WORK REQUEST> The lines needed run from the one that contains "11 Days, 10" through the end of the material below, both included; write them out exactly, with no pictures.

PROVIDED INFORMATION>
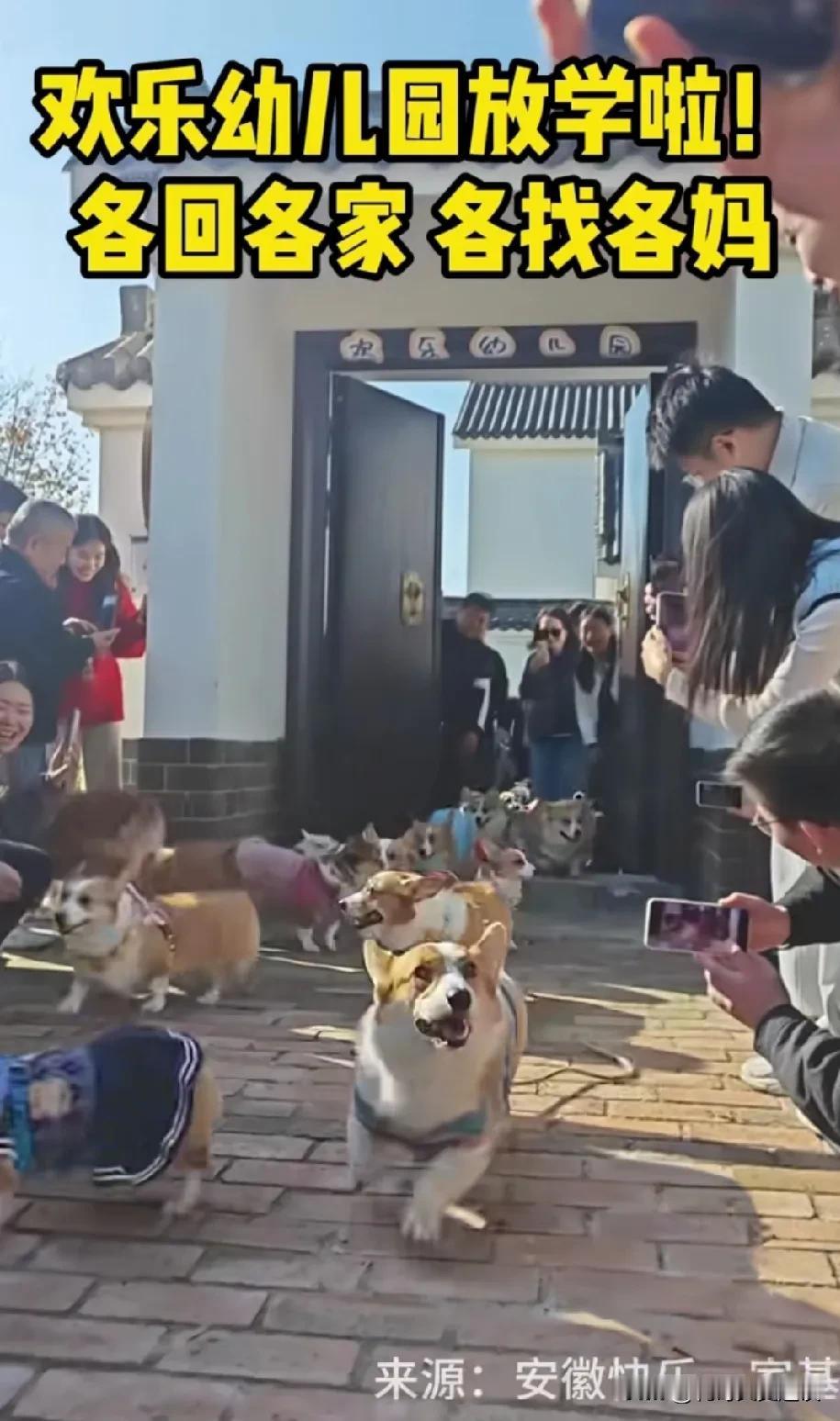 娃子们放学了，家长们都在幼儿园门口等着接自己的孩子回家。有人说人不能吃太饱，狗娃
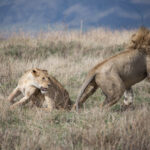 11 Days, 10 Nights Walking Safari/Trekking on Ngorongoro Highlands and Safari in Serengeti Park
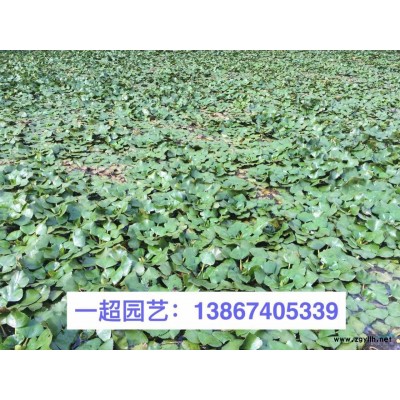 狗尾草 精品狗尾草批發 狗尾草批發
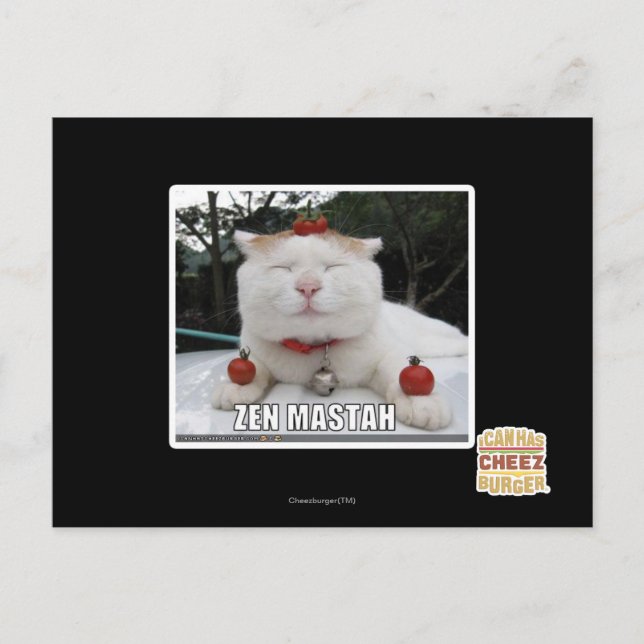Cartão Postal Zen Mastah (Frente)
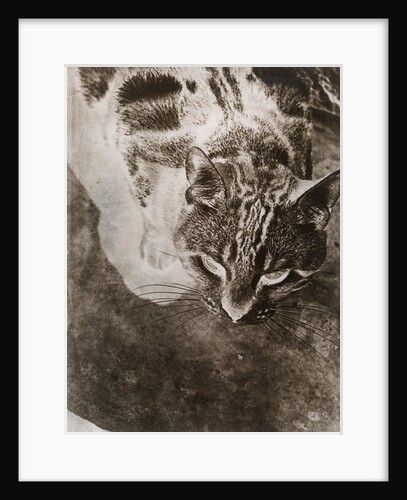 Die Katze by László Moholy-Nagy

OUTPUT>
 11 Days, 10 Nights Walking Safari/Trekking on Ngorongoro Highlands and Safari in Serengeti Park
 狗尾草 精品狗尾草批發 狗尾草批發
Cartão Postal Zen Mastah (Frente)
 Die Katze by László Moholy-Nagy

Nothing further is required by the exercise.